Anheuser-Bush InBev is a company that’s leading the way in technology-based solutions to ethics issues. The world’s largest brewer has implemented a “machine-learning technology that can identify risky business partners and potentially illegal payments,” according to a recent story in The Wall Street Journal. Instead of spending hundreds of thousands of dollars investigating problems after they arise, they hope to use the analytics platform to identify patterns and take actions that prevent corruption.
Technology is great, but people can’t remove themselves from the process. Especially in high-risk areas, it’s important that multiple people are providing oversight and that everyone knows appropriate checks and balances are in place. For some, just knowing these processes exist is a deterrent.
Empower the truth
It’s been said that where there’s no root, there’s no fruit. If a safe environment is rooted in your culture, then trust will grow and truth will bloom. When people trust each other and feel safe, they are empowered to speak out, even when it’s in opposition to others on their teams.
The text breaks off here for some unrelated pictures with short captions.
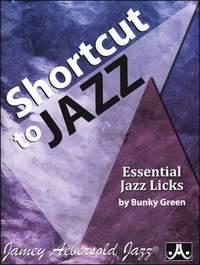 Shortcut to Jazz - Essential Jazz Licks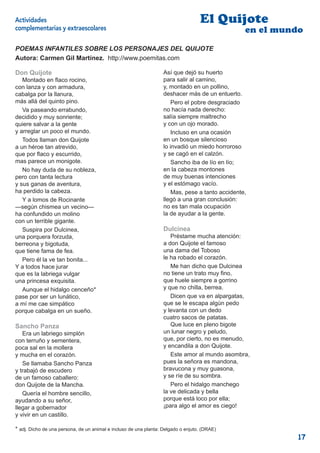 Actividades                                                                        El Quijote
complementarias y extraescolares                                                                  en el mundo
POEMAS INFANTILES SOBRE LOS PERSONAJES DEL QUIJOTE
Autora: Carmen Gil Martínez. http://www.poemitas.com

Don Quijote                                                        Así que dejó su huerto
   Montado en ﬂaco rocino,                                         para salir al camino,
con lanza y con armadura,                                          y, montado en un pollino,
cabalga por la llanura,                                            deshacer más de un entuerto.
más allá del quinto pino.                                              Pero el pobre desgraciado
   Va paseando errabundo,                                          no hacía nada derecho:
decidido y muy sonriente;                                          salía siempre maltrecho
quiere salvar a la gente                                           y con un ojo morado.
y arreglar un poco el mundo.                                           Incluso en una ocasión
   Todos llaman don Quijote                                        en un bosque silencioso
a un héroe tan atrevido,                                           lo invadió un miedo horroroso
que por ﬂaco y escurrido,                                          y se cagó en el calzón.
mas parece un monigote.                                                Sancho iba de lío en lío;
   No hay duda de su nobleza,                                      en la cabeza montones
pero con tanta lectura                                             de muy buenas intenciones
y sus ganas de aventura,                                           y el estómago vacío.
ha perdido la cabeza.                                                  Mas, pese a tanto accidente,
   Y a lomos de Rocinante                                          llegó a una gran conclusión:
—según chismea un vecino—                                          no es tan mala ocupación
ha confundido un molino                                            la de ayudar a la gente.
con un terrible gigante.
   Suspira por Dulcinea,                                           Dulcinea
una porquera forzuda,                                                 Préstame mucha atención:
berreona y bigotuda,                                               a don Quijote el famoso
que tiene fama de fea.                                             una dama del Toboso
   Pero él la ve tan bonita...                                     le ha robado el corazón.
Y a todos hace jurar                                                  Me han dicho que Dulcinea
que es la labriega vulgar                                          no tiene un trato muy ﬁno,
una princesa exquisita.                                            que huele siempre a gorrino
   Aunque el hidalgo cenceño*                                      y que no chilla, berrea.
pase por ser un lunático,                                             Dicen que va en alpargatas,
a mí me cae simpático                                              que se le escapa algún pedo
porque cabalga en un sueño.                                        y levanta con un dedo
                                                                   cuatro sacos de patatas.
Sancho Panza                                                          Que luce en pleno bigote
   Era un labriego simplón                                         un lunar negro y peludo,
con terruño y sementera,                                           que, por cierto, no es menudo,
poca sal en la mollera                                             y encandila a don Quijote.
y mucha en el corazón.                                                Este amor al mundo asombra,
   Se llamaba Sancho Panza                                         pues la señora es mandona,
y trabajó de escudero                                              bravucona y muy guasona,
de un famoso caballero:                                            y se ríe de su sombra.
don Quijote de la Mancha.                                             Pero el hidalgo manchego
   Quería el hombre sencillo,                                      la ve delicada y bella
ayudando a su señor,                                               porque está loco por ella;
llegar a gobernador                                                ¡para algo el amor es ciego!
y vivir en un castillo.

* adj. Dicho de una persona, de un animal e incluso de una planta: Delgado o enjuto. (DRAE)
                                                                                                            17
 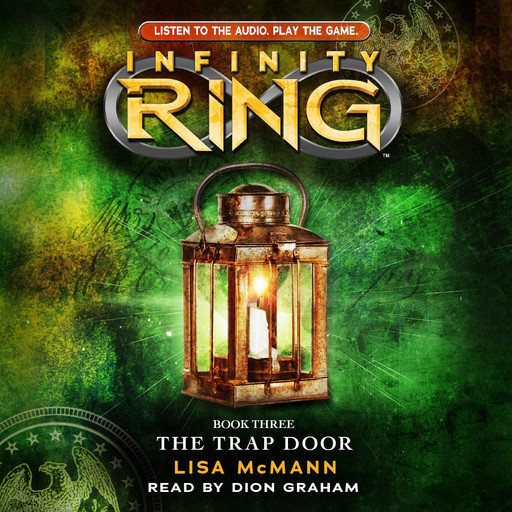 The Trap Door (Infinity Ring, Book 3), Lisa McMann
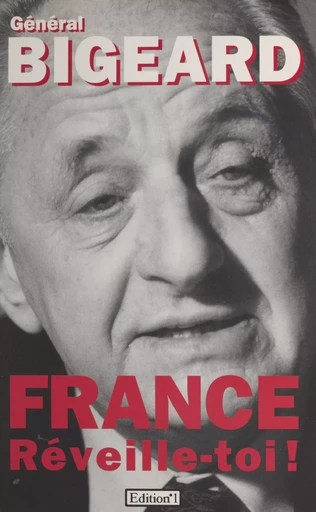 France, réveille-toi ! - Marcel Bigeard - FeniXX réédition numérique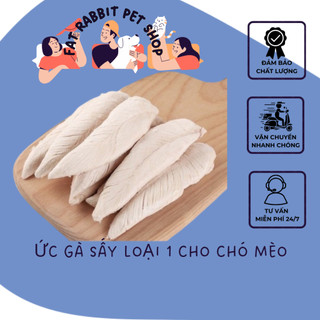 ức gà sấy loại 1 cho chó mèo🐶fat rabbit🐱freeship🐱hỏa tốc nội thành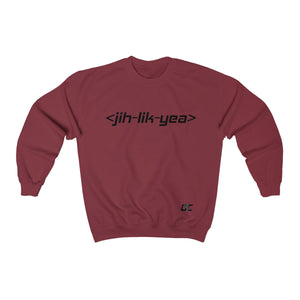 Jih Lik Yea Sweatshirt (Unisex)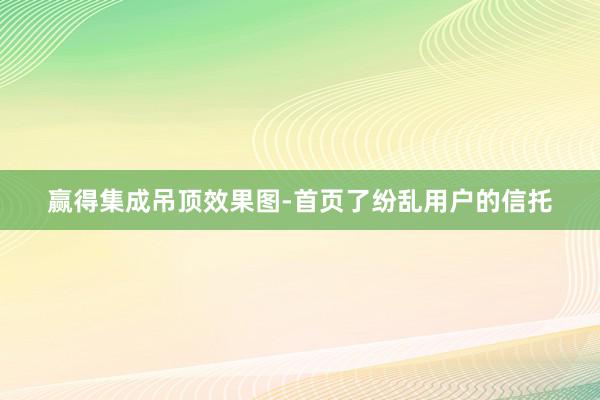 赢得集成吊顶效果图-首页了纷乱用户的信托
At the first sign of an ethical breach, those who notice should feel obligated and empowered to say something. That’s an attitude that’s got to be baked into a company’s culture through regular communication around the topic of ethics, but also by encouraging and embracing opposing viewpoints in any discussion. When employees feel free to openly disagree during everyday meetings, they’re more likely to sound an alarm on an ethical issue.
Walk the Walk
Prioritizing an ethical environment starts from the top. If leaders prioritize it in their own actions, people are more likely to follow in the same way. That means leaders must act ethically, of course, but it’s more than that. People must see that their leaders are investing in systems that prevent or identify ethical lapses, that they allow others to hold them personally accountable, and that they encourage open discussions that include vulnerability and dissenting opinions.
By continuously investing in and emphasizing the importance of ethics, you can build a culture that consistently adheres to your organization’s values and prevents or quickly identifies lapses, even if they are taking places in the nooks and crannies that are difficult to see in a big company. Then the things you can’t see are less likely to hurt you.